Da questo fatto realmente accaduto parte Ben Affeck per raccontare una delle operazioni più sensazionali che coinvolse in una cooperazione impensabile tra Canada, USA e Hollywood. Segretata fino al 1997, anno in cui Bill Clinton tolse il segreto di Stato sull’intera faccenda, l’operazione Argo si dimostra perfetta per trarne un film: un eroe/antieroe come protagonista (la cui vicenda privata pur caratterizzandolo non prevale mai rispetto al suo ruolo strategico), il tanto luccicante quanto finto mondo del cinema sullo sfondo, le agenzie dei diversi stati a coordinare l’operazione.
Il film inizia con una folgorante quanto adrenalinica scena di invasione e finisce con un’ansiogena liberazione, che fa letteralmente togliere il fiato. In mezzo la preparazione, tra ostacoli e facilitazioni, di un piano folle messo in piedi da Tony Mendez, specializzato in operazioni sotto copertura. L’estradizione, solitamente operata nel segreto e nel silenzio, viene questa volta pubblicizzata con tanto di conferenze stampa e giornalisti interessati. Possibile? Sì, perché il geniale piano di Mendez è quello di far credere a tutti, iraniani e americani compresi, l’imminente produzione di un film di fantascienza (il cui titolo è per l’appunto Argo e che molto richiama Star Wars) ambientato proprio in Iran, così facendo i sei rifugiati potranno tornare a casa fingendosi parte della troupe canadese in viaggio peri sopralluoghi del caso.

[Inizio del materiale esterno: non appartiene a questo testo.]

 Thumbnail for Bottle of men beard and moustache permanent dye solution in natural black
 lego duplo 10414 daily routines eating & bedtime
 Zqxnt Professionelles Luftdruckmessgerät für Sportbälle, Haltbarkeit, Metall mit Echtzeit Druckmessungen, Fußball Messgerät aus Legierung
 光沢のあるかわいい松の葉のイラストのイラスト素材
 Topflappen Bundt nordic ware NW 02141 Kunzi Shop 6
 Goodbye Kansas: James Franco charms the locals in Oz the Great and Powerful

La trama di sicuro appeal non basta però a fare di Argo uno dei favoriti agli Oscar, ma la bravura di Affleck sta nell’usarla con estrema intelligenza riuscendo a renderla ancora più appetibile. Alla sua terza regia, dopo i convincenti Gone Baby Gone e The Town, l’attore ha confezionato Argo come un film anni ’70, con un manieristica attenzione verso i particolari (sia di scenografia che di attori, scelti in base alla somiglianza fisica con i veri protagonisti della vicenda, come si vede nei titoli di coda) che fanno piombare lo spettatore direttamente in quell’epoca: dai costumi, alle musiche –che vanno dai Led Zeppelin ai Dire Straits- fino alla stessa grana della fotografia e i titoli di testa con il vecchio logo della Warner, tutto è stato “invecchiato” e reso credibile.
La sensazione è proprio quella di vedere un vecchio film di spionaggio e operazioni segrete ma con molto sentimento in più, e aiutato da un cast equilibrato ma dal passato televisivo (menzione speciale per John Goodman e Alan Arkin, una coppia favolosa) e un finale come detto adrenalinico ma che sfocia nella commozione e nell’entusiasmo, Argo si prenota per fare incetta di premi.